_THE DATA_

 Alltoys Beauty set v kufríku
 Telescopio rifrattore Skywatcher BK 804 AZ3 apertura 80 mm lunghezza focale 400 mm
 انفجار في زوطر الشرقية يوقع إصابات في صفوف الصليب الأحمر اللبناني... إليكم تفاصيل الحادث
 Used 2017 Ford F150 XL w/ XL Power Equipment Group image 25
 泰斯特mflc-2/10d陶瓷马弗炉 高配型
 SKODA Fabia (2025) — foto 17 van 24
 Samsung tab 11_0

--

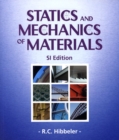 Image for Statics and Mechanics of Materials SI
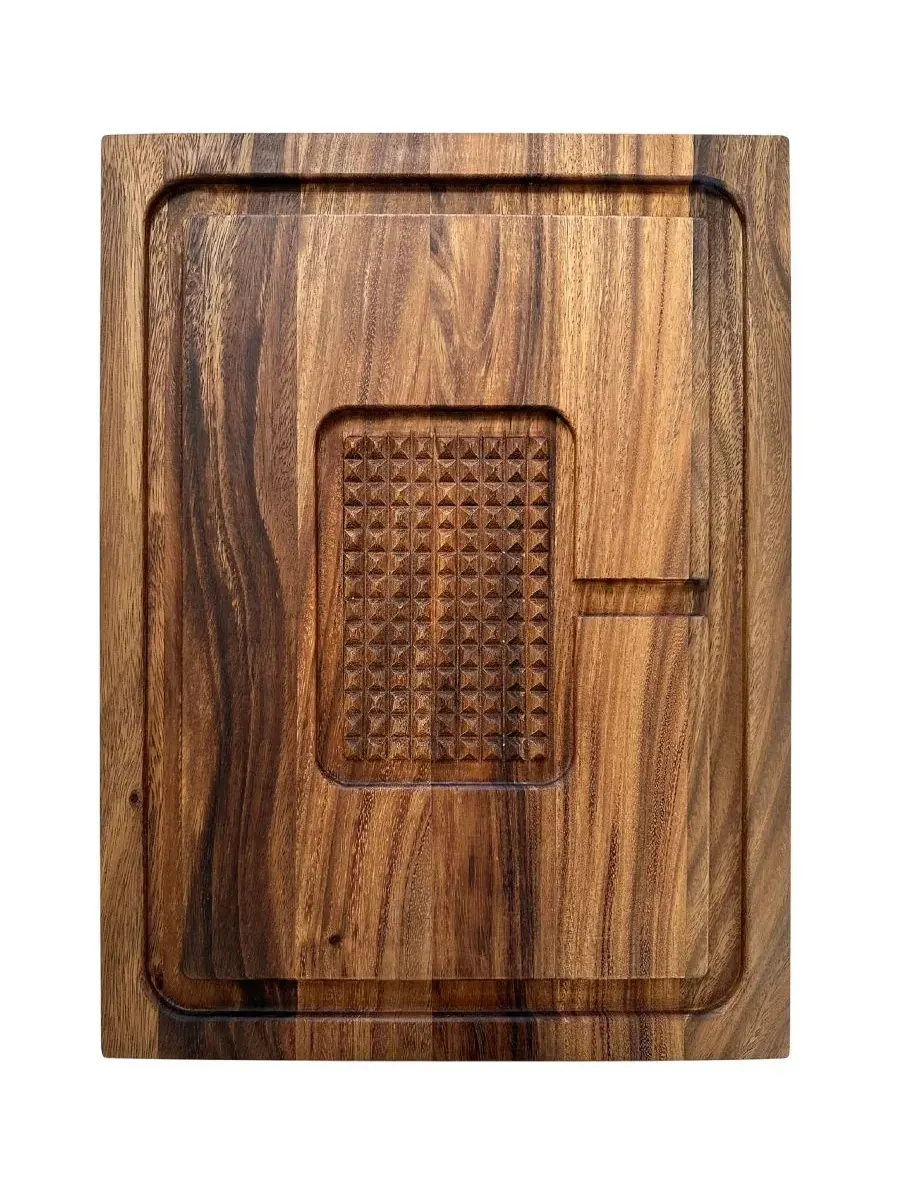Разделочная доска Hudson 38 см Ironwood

_WORK TO COMPLETE_
Above are the records; repeat exactly the lines from the one holding "泰斯特mflc-2/10d陶瓷马弗炉 高配型" down to the one holding "Samsung tab 11_0", end lines included.

_TASK RESULT_
 泰斯特mflc-2/10d陶瓷马弗炉 高配型
 SKODA Fabia (2025) — foto 17 van 24
 Samsung tab 11_0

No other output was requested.